図1は、本発明の隙間測定装置を備えた急冷薄材製造装置の全体構成図である。この図に示すように、この急冷薄材製造装置は、密封チャンバー1内に格納された溶解炉2、タンディシュ4、冷却ロール6、成品チャンバー8、等からなる。密封チャンバー1は、内部にアルゴン等の不活性ガスが充填され、一定の圧力P0に保持されている。
【0010】
溶解炉2内には、外部からダブルロックホッパ3を介して溶融する金属を供給するようになっている。この金属は、例えば、鉄、ニッケル、希土類、磁性体、及びシリコーン系の金属であり、溶解炉2において溶解される。また、溶解炉2は、シリンダ等を用いて図に二点鎖線で示すように回転軸を中心に旋回させるようになっており、この旋回により内部の溶融金属をタンディシュ4内に注ぐことができる。

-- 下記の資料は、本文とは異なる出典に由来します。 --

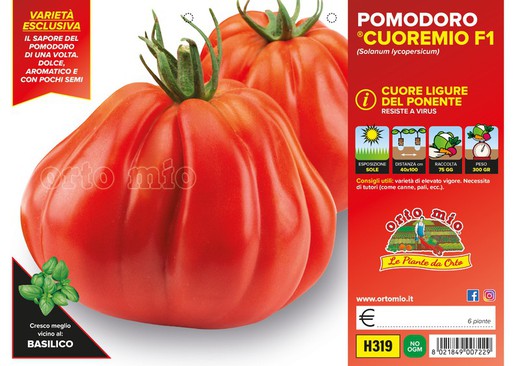 Tomate Corazón de Ligure 6 Plantas en Pack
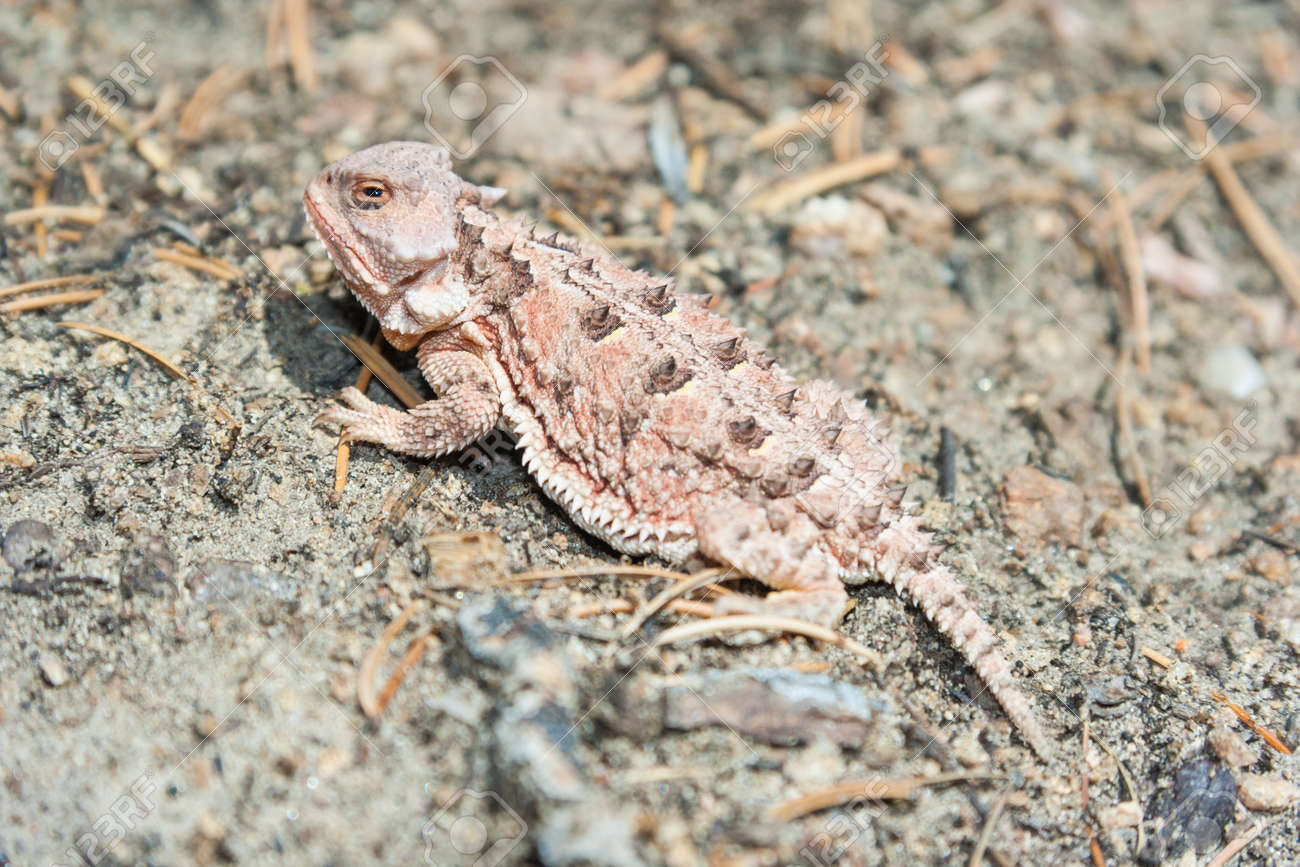 羽のあるトカゲとしても知られているツノガエルや自然の生息地のカエル の写真素材 画像素材 Image 羽のあるトカゲとしても知られているツノガエルや自然の生息地のカエル の写真素材 画像素材 Image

タンディシュ4は、溶融金属を内部に保有し、下方に設けられたノズル5から連続的に溶融金属を落下させるようになっている。また、この実施形態において、タンディシュ4は、直動シリンダ7(例えばスクリュージャッキ)により昇降可能になっており、ノズル5を冷却ロール6の近傍まで下降させることができる。
【0011】
図2は、図1の主要部の部分斜視図である。この図に示すように、本発明の隙間測定装置を備えた急冷薄材製造装置では、水平な軸心を中心に同一方向に回転する円筒形の冷却ロール6と、冷却ロール6のロール表面に溶融金属を供給するノズル5とを備える。冷却ロール6の温度は、冷却水の供給により溶融金属の凝固温度以下に冷却するようになっている。また、この冷却ロール6は、回転駆動装置(図示せず)により凝固した金属が連続しない十分な高速(例えば400〜1000rpm)に回転される。従って、溶融金属をロール表面で急冷して板状又はフレーク状の急冷薄材を製造することができる。
【0012】
図3は、本発明の隙間測定装置の原理図であり、(A)はロールの縦断面図、(B)はB−B矢視図である。図3(A)に示すように、ノズル5には、ロール表面に対向して直角に設けられたノズル穴11が設けられている。また、図3(B)に示すように、ノズル5のロール表面に対向する面は、ロールの曲面に平行に形成されている。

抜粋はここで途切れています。